Localisation of more strings#2902
Conversation
Babel does not support f-strings, which prevents from localising a few strings in the code, like "Usage: " and "Try". The changes in this commit rewrites f-strings into the format syntax. Please note some f-strings remain as they are not expected to be translatable. This commit has to deactivate the UP032 rule on a few files. There seems to be an unreported bug in either Ruff or pyupgrade: The UP032 rule is not deactivated on multi-line commands, including multi-line strings.
Babel does not support f-strings, which prevents from localising a few strings in the code, like "Usage: " and "Try". The changes in this commit rewrites f-strings into the format syntax. Please note some f-strings remain as they are not expected to be translatable. This commit has to deactivate the UP032 rule on a few files. There seems to be an unreported bug in either Ruff or pyupgrade: The UP032 rule is not deactivated on multi-line commands, including multi-line strings.
Please note Windows may requires extra configuration (as it may not set variables expected by gettext). Click does not perform the extra for some reason, and deemed out of scope.

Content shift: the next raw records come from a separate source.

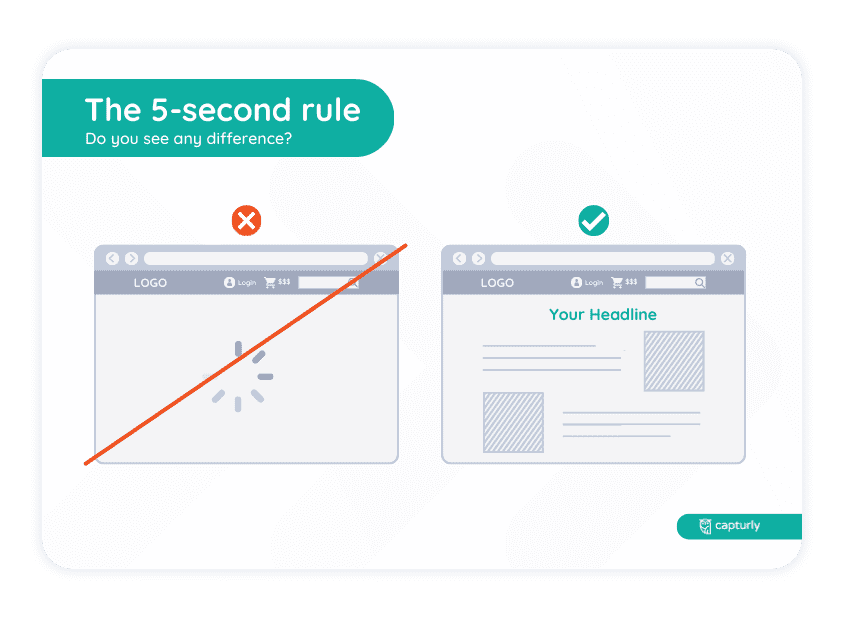 Improve Conversion Rate With 5-second Rule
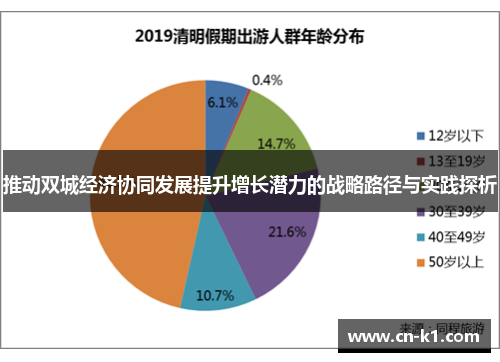 推动双城经济协同发展提升增长潜力的战略路径与实践探析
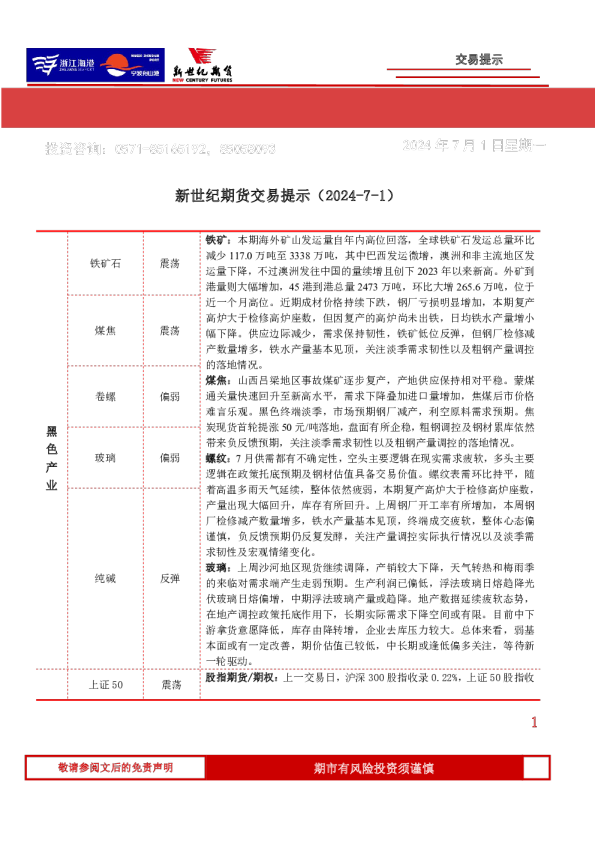 交易提示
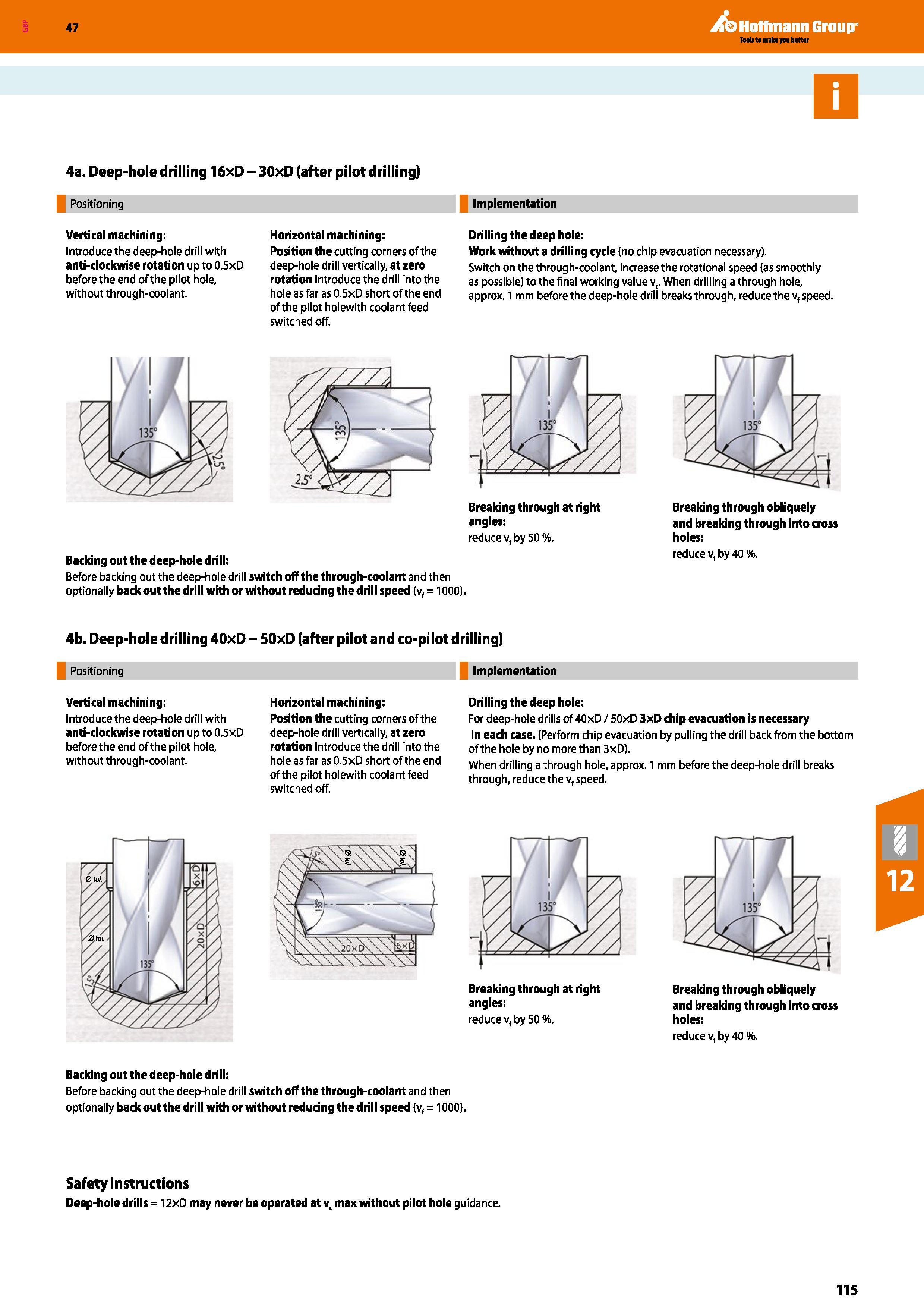115 Hoffmann Group 47 4a Deep-hole drilling 16xD - 30xD (after pilot drilling) Positioning Implementation Vertical machining: Introduce the deep-hole Каталог HOFFMANN GROUP 2016 Станочный режущий и вспомогательный инструмент для металлорежущих универсальных станков центров и комплексов с ЧПУ Версия 47 Стр. 115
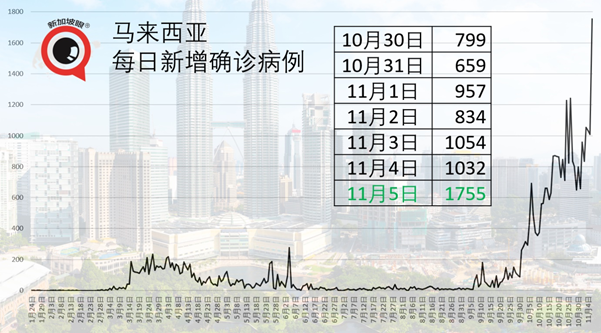 發病後180天仍有抗體，新加坡建築業等康複客工無須定期檢測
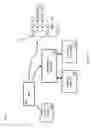 Fig. 24 - Integration of content and records management systems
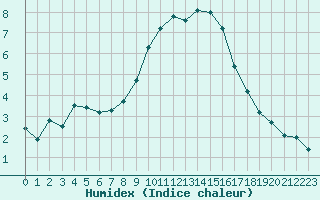 Courbe de l'humidex pour Nmes - Courbessac (30)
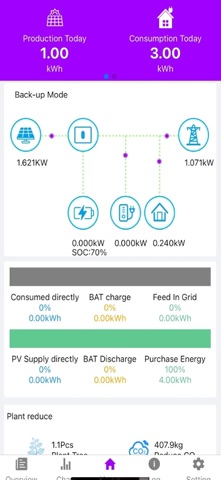Avrii SOL Synergy App Screenshot 2 of 3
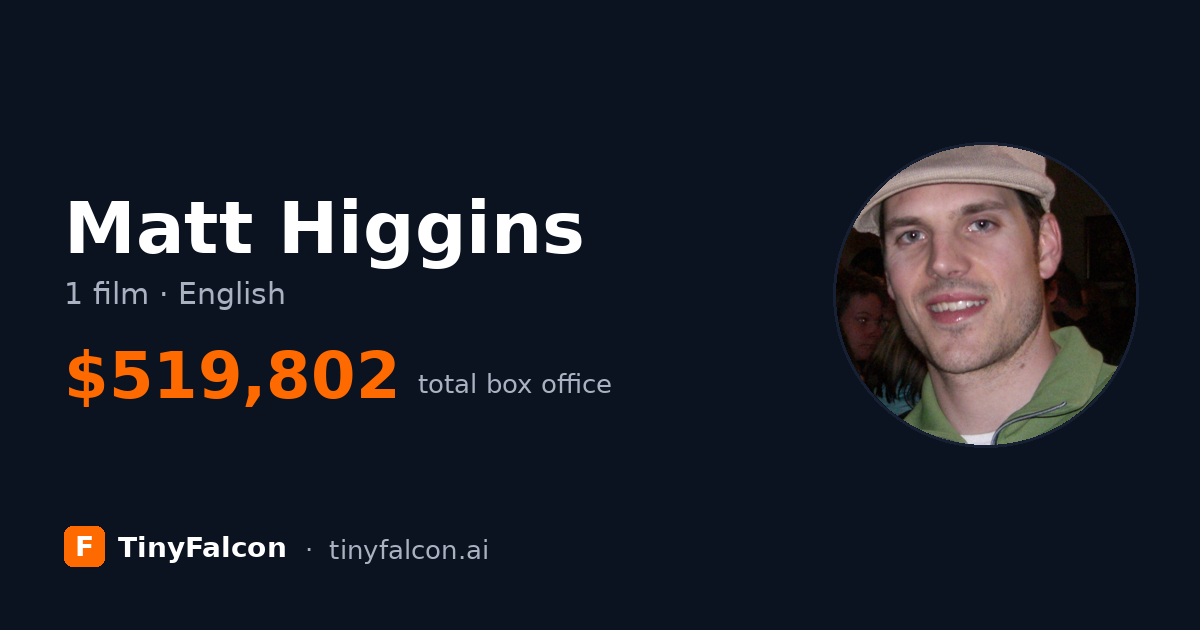 Matt Higgins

Some f-strings changed to the format method in earlier commits do not need localisation. This commit restores them to reduce the amount of changes.
|
I don't think we are willing to limit the use of f strings in the project at this time. Thoughts @davidism? |
| # always force f-strings. The latter are unfortunately not supported yet | ||
| # by Babel, a localisation library. | ||
| # | ||
| # Note: Using `# noqa: UP032` on lines has not worked, so a file |
There was a problem hiding this comment.
None of these noqa marks are needed. Ruff is not trying to autoupgrade anything if I remove the comments, inline or file-level.
There was a problem hiding this comment.
Updated from former Ruff 0.8.1 to the latest 0.14.10, and as you reported, the UP032 do not trigger anymore.
All files cleaned from the comments, as well as the noqa marks.
| f"It is not possible to add the group {cmd_name!r} to another" | ||
| f" group {base_command.name!r} that is in chain mode." | ||
| ) | ||
| message = _( |
There was a problem hiding this comment.
We're only translating user-facing messages at this time, not developer-facing. Please remove all such translation markings.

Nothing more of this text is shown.